= Beginning of Section =

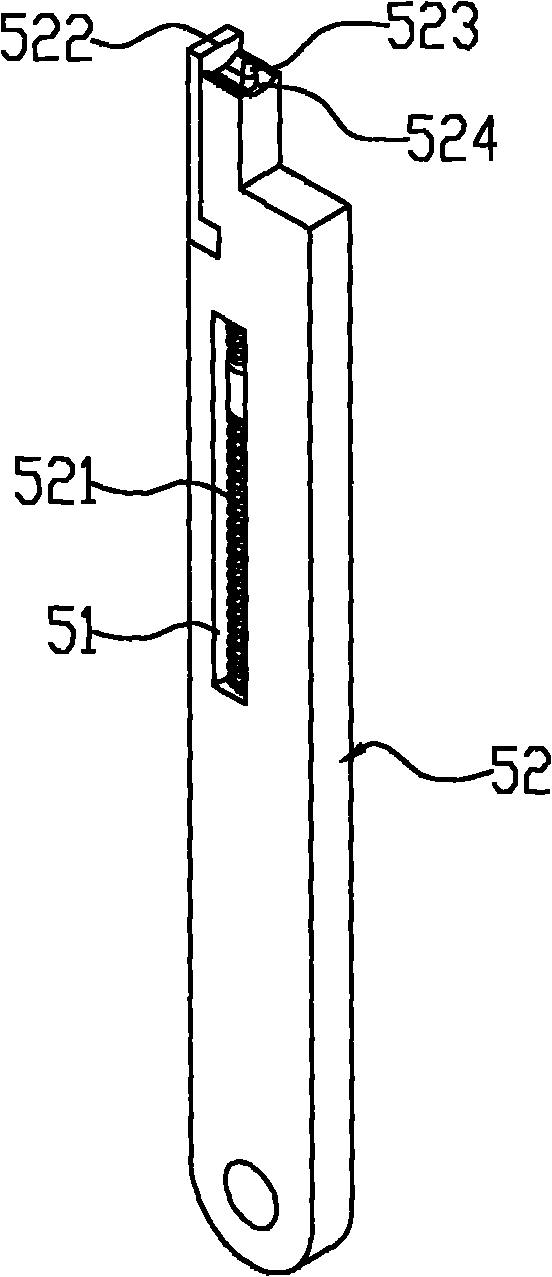 Puller shrapnel assembling machine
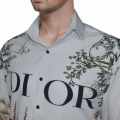 Christian Dior Flower Printed Premium Quality Shirt-thumb-2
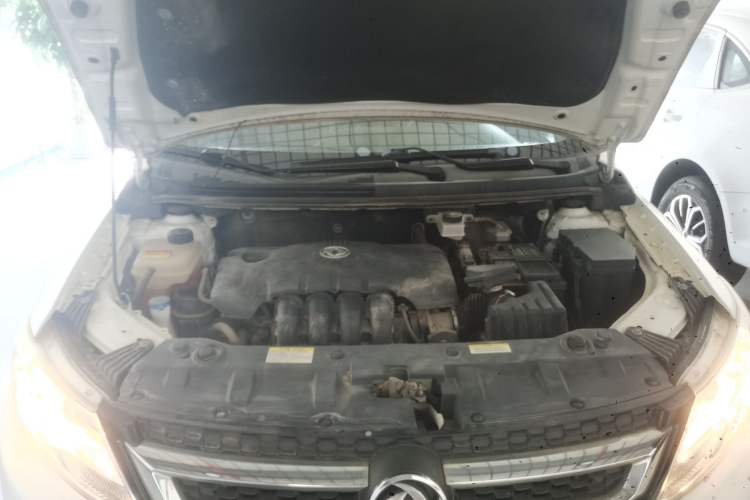 Used Dongfeng Aeolus AX3 2016 1.5L Automatic Shangkue Model Engine Bay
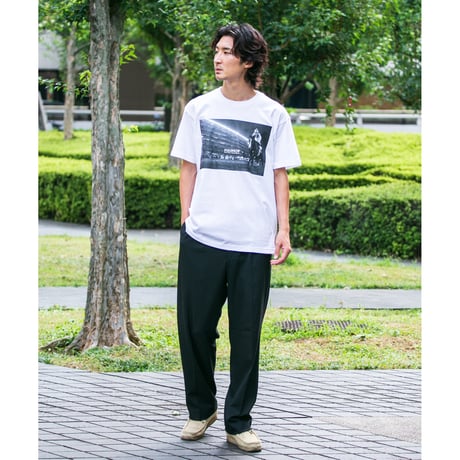イクイノックス引退記念グラフィカルTシャツCパターン（白/White）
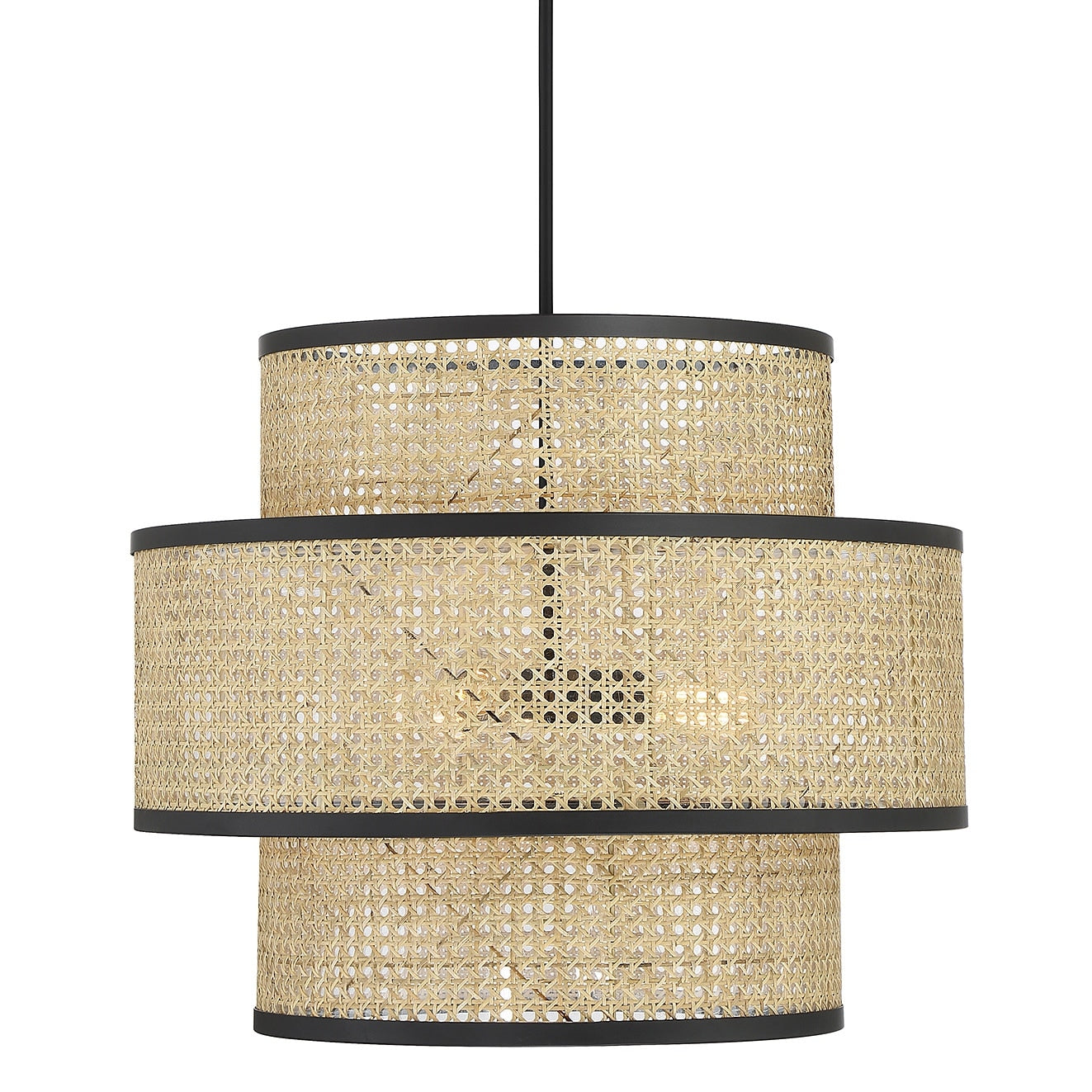 Bellevue Sh7016 3 Light 22 Wide Pendant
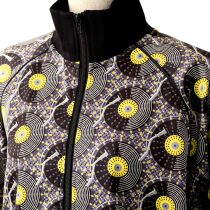 BTJ5C1-African Print Track Jacket-Discotheque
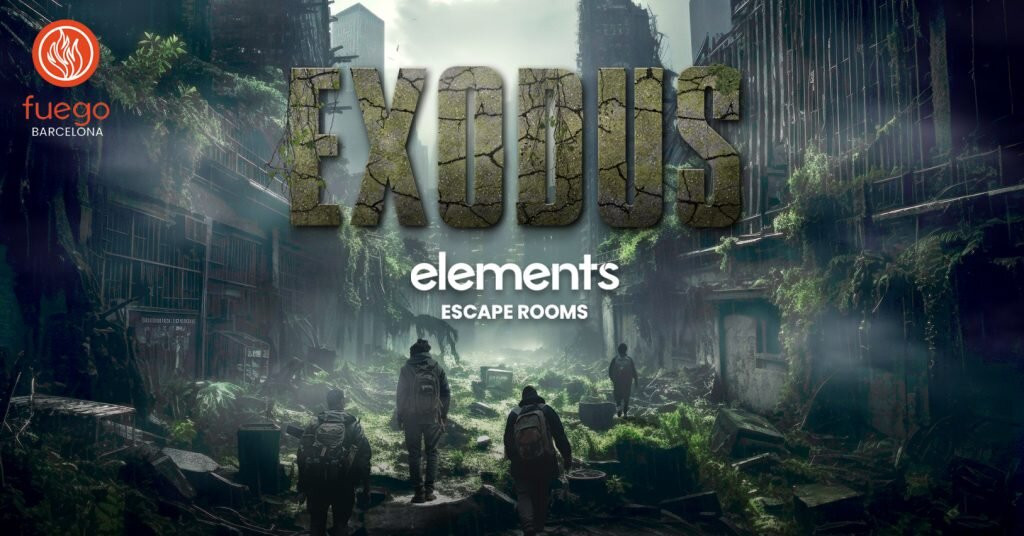 Elements Escape Room - Fuego Sants-巴塞罗那必去景点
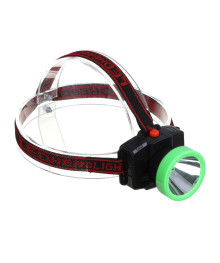 Фонарь РОКОТ налобный, 1 LED, 2 режима, 3хАА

= End of Section =

How to complete this task
Print the lines from the line with "BTJ5C1-African Print Track" to the end of the data above. Include both ends, exclude the pictures, and add nothing else.

Answer to this problem
 BTJ5C1-African Print Track Jacket-Discotheque
 Elements Escape Room - Fuego Sants-巴塞罗那必去景点
 Фонарь РОКОТ налобный, 1 LED, 2 режима, 3хАА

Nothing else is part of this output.